Was Kinderfragen angeht, ist man nach langen Jahren als Vater halbwegs gewappnet. Man kennt die Bandbreite von Themen, die ganz unvermittelt angesprochen werden können: Wie groß ist der Jupiter? Wozu braucht man die Milz? Wie viele Wochen habe ich bereits gelebt? Und man weiß diese Fragen zu beantworten, wenn auch häufig mit dem Standardsatz: „Das kann ich dir leider nicht genau sagen, da muss ich mal im Internet nachgucken.“
Ab und zu aber gibt es Situationen, in denen die ganze Routine nicht hilft. Der Moment zum Beispiel, in dem ein zehn Jahre altes Mädchen, das heimlich die alten Bravo-Ausgaben der großen Schwester durchstöbert hat, fragt: „Papa, was ist eigentlich ein Samenerguss?“
Allein oder zu zweit
Tja. Nun. Eine rein technische Antwort führt nicht recht weiter, es braucht schon einen größeren Kontext, womit wir beim Orgasmus wären, der eine ganz interessante Sache ist und den es übrigens, ganz wichtig, denn es wird ja mit einem Mädchen geredet, auch bei Frauen gibt, und wenn man jetzt ins Dozieren gerät über sexuelle Selbstbestimmung und über Gefühle, die man zu zweit und, nebenbei bemerkt, auch allein erleben kann, dann hat man am Ende schlimmstenfalls viel mehr erzählt, als das Kind von seinem Vater je hören wollte. Am besten lenkt man das Gespräch dann rasch auf den Jupiter, der übrigens einen Durchmesser von 143.000 Kilometern hat.

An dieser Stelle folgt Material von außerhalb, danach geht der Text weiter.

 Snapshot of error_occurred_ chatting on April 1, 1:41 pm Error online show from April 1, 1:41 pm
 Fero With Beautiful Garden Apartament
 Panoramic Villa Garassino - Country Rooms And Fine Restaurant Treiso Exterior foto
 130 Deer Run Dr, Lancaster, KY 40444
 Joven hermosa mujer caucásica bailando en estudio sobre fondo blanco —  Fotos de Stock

Nun ist man, wenn man etwas Glück hat, angesichts kindlicher Fragen nach der menschlichen Fortpflanzung nicht ganz auf sich allein gestellt. Es gibt, idealerweise, einen unbefangenen, eloquenten Partner, es gibt – sofern nicht dem Lockdown geopfert – Sexualkunde als Schulfach, und es gibt den Freundeskreis des Kindes, der freilich eher mit farbenfrohem Vokabular beeindruckt als mit biologischem Tiefenwissen. Und es gibt Bücher. Solche für Teenager, aber auch welche für kleinere Kinder, mit unterschiedlichsten Ansätzen. All diese Bücher haben meist beste Absichten, oft sind sie nützlich, oft auch etwas peinlich, fast immer aber umstritten. Den einen sind sie zu explizit, anderen zu prüde, zu altmodisch oder zu progressiv. Auch das Buch „Ein Baby! Wie eine Familie entsteht“, das diese Woche bei Penguin Junior erscheint, wird für Diskussionen sorgen.
Alle Formen
Der Verlag bewirbt das Werk der Londoner Kinderbuchlektorin Rachel Greener als „Aufklärungsbuch, das alle Familienformen einschließt“ und auch „alle Körperformen“ – und damit abbildet, „was schon längst gesellschaftliche Realität ist“. Da ist was dran, und dass das Buch in Viktor Orbáns Ungarn sofort auf dem Index landen würde, ist nicht das Schlechteste, was man derzeit über ein Aufklärungsbuch sagen kann.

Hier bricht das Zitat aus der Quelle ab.